Caption-style text data:
--*--
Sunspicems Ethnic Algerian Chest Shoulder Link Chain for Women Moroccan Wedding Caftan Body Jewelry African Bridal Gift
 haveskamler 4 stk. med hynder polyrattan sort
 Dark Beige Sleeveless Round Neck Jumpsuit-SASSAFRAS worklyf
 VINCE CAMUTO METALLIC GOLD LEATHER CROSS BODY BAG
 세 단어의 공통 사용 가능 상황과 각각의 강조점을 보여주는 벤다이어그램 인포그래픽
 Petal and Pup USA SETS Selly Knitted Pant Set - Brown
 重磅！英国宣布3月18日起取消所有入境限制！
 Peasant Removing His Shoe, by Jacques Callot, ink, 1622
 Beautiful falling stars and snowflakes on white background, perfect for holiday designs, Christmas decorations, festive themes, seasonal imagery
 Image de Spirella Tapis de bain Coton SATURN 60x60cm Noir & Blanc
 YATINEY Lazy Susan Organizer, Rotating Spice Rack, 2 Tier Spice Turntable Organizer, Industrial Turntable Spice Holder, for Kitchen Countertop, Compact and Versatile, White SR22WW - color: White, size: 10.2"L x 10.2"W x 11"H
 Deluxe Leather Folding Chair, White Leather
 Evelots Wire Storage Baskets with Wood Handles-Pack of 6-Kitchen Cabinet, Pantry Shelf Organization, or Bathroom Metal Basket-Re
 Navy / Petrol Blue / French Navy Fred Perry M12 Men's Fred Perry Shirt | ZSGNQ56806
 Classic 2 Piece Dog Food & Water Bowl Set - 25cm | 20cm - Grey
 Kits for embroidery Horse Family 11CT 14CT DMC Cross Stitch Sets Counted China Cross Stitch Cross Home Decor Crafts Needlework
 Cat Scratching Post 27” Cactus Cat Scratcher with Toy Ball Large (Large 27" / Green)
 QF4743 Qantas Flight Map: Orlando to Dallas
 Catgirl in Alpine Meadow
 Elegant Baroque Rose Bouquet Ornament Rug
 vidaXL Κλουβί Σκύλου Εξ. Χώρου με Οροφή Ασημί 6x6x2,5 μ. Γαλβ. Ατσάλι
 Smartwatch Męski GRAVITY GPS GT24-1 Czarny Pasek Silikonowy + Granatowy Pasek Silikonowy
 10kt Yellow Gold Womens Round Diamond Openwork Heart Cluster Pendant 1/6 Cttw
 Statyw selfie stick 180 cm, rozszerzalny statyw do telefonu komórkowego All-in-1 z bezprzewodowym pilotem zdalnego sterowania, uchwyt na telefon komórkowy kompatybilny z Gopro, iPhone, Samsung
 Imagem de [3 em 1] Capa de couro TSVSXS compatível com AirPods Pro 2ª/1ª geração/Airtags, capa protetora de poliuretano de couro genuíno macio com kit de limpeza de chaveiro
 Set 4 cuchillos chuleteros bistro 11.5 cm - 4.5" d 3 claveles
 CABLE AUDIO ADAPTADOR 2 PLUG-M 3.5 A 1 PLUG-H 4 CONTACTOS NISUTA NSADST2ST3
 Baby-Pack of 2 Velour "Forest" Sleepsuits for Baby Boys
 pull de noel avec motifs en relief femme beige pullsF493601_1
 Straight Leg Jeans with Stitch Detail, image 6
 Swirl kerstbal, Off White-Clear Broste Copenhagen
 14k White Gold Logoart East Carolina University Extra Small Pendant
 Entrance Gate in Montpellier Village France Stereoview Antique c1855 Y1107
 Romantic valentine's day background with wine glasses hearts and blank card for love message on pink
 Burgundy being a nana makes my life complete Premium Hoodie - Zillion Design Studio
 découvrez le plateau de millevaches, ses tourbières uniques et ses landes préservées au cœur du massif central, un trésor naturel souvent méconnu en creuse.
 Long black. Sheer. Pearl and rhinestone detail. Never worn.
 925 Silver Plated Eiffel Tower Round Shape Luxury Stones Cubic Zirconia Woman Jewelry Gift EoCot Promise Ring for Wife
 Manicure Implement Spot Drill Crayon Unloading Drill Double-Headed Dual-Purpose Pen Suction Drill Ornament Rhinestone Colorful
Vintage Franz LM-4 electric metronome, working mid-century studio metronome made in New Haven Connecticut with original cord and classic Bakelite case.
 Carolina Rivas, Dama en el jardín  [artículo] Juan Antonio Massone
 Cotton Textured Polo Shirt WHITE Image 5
--*--
• **What you have to do**
Please quote the records above exactly, without skipping a line.

• **Task response**
Sunspicems Ethnic Algerian Chest Shoulder Link Chain for Women Moroccan Wedding Caftan Body Jewelry African Bridal Gift
 haveskamler 4 stk. med hynder polyrattan sort
 Dark Beige Sleeveless Round Neck Jumpsuit-SASSAFRAS worklyf
 VINCE CAMUTO METALLIC GOLD LEATHER CROSS BODY BAG
 세 단어의 공통 사용 가능 상황과 각각의 강조점을 보여주는 벤다이어그램 인포그래픽
 Petal and Pup USA SETS Selly Knitted Pant Set - Brown
 重磅！英国宣布3月18日起取消所有入境限制！
 Peasant Removing His Shoe, by Jacques Callot, ink, 1622
 Beautiful falling stars and snowflakes on white background, perfect for holiday designs, Christmas decorations, festive themes, seasonal imagery
 Image de Spirella Tapis de bain Coton SATURN 60x60cm Noir & Blanc
 YATINEY Lazy Susan Organizer, Rotating Spice Rack, 2 Tier Spice Turntable Organizer, Industrial Turntable Spice Holder, for Kitchen Countertop, Compact and Versatile, White SR22WW - color: White, size: 10.2"L x 10.2"W x 11"H
 Deluxe Leather Folding Chair, White Leather
 Evelots Wire Storage Baskets with Wood Handles-Pack of 6-Kitchen Cabinet, Pantry Shelf Organization, or Bathroom Metal Basket-Re
 Navy / Petrol Blue / French Navy Fred Perry M12 Men's Fred Perry Shirt | ZSGNQ56806
 Classic 2 Piece Dog Food & Water Bowl Set - 25cm | 20cm - Grey
 Kits for embroidery Horse Family 11CT 14CT DMC Cross Stitch Sets Counted China Cross Stitch Cross Home Decor Crafts Needlework
 Cat Scratching Post 27” Cactus Cat Scratcher with Toy Ball Large (Large 27" / Green)
 QF4743 Qantas Flight Map: Orlando to Dallas
 Catgirl in Alpine Meadow
 Elegant Baroque Rose Bouquet Ornament Rug
 vidaXL Κλουβί Σκύλου Εξ. Χώρου με Οροφή Ασημί 6x6x2,5 μ. Γαλβ. Ατσάλι
 Smartwatch Męski GRAVITY GPS GT24-1 Czarny Pasek Silikonowy + Granatowy Pasek Silikonowy
 10kt Yellow Gold Womens Round Diamond Openwork Heart Cluster Pendant 1/6 Cttw
 Statyw selfie stick 180 cm, rozszerzalny statyw do telefonu komórkowego All-in-1 z bezprzewodowym pilotem zdalnego sterowania, uchwyt na telefon komórkowy kompatybilny z Gopro, iPhone, Samsung
 Imagem de [3 em 1] Capa de couro TSVSXS compatível com AirPods Pro 2ª/1ª geração/Airtags, capa protetora de poliuretano de couro genuíno macio com kit de limpeza de chaveiro
 Set 4 cuchillos chuleteros bistro 11.5 cm - 4.5" d 3 claveles
 CABLE AUDIO ADAPTADOR 2 PLUG-M 3.5 A 1 PLUG-H 4 CONTACTOS NISUTA NSADST2ST3
 Baby-Pack of 2 Velour "Forest" Sleepsuits for Baby Boys
 pull de noel avec motifs en relief femme beige pullsF493601_1
 Straight Leg Jeans with Stitch Detail, image 6
 Swirl kerstbal, Off White-Clear Broste Copenhagen
 14k White Gold Logoart East Carolina University Extra Small Pendant
 Entrance Gate in Montpellier Village France Stereoview Antique c1855 Y1107
 Romantic valentine's day background with wine glasses hearts and blank card for love message on pink
 Burgundy being a nana makes my life complete Premium Hoodie - Zillion Design Studio
 découvrez le plateau de millevaches, ses tourbières uniques et ses landes préservées au cœur du massif central, un trésor naturel souvent méconnu en creuse.
 Long black. Sheer. Pearl and rhinestone detail. Never worn.
 925 Silver Plated Eiffel Tower Round Shape Luxury Stones Cubic Zirconia Woman Jewelry Gift EoCot Promise Ring for Wife
 Manicure Implement Spot Drill Crayon Unloading Drill Double-Headed Dual-Purpose Pen Suction Drill Ornament Rhinestone Colorful
Vintage Franz LM-4 electric metronome, working mid-century studio metronome made in New Haven Connecticut with original cord and classic Bakelite case.
 Carolina Rivas, Dama en el jardín  [artículo] Juan Antonio Massone
 Cotton Textured Polo Shirt WHITE Image 5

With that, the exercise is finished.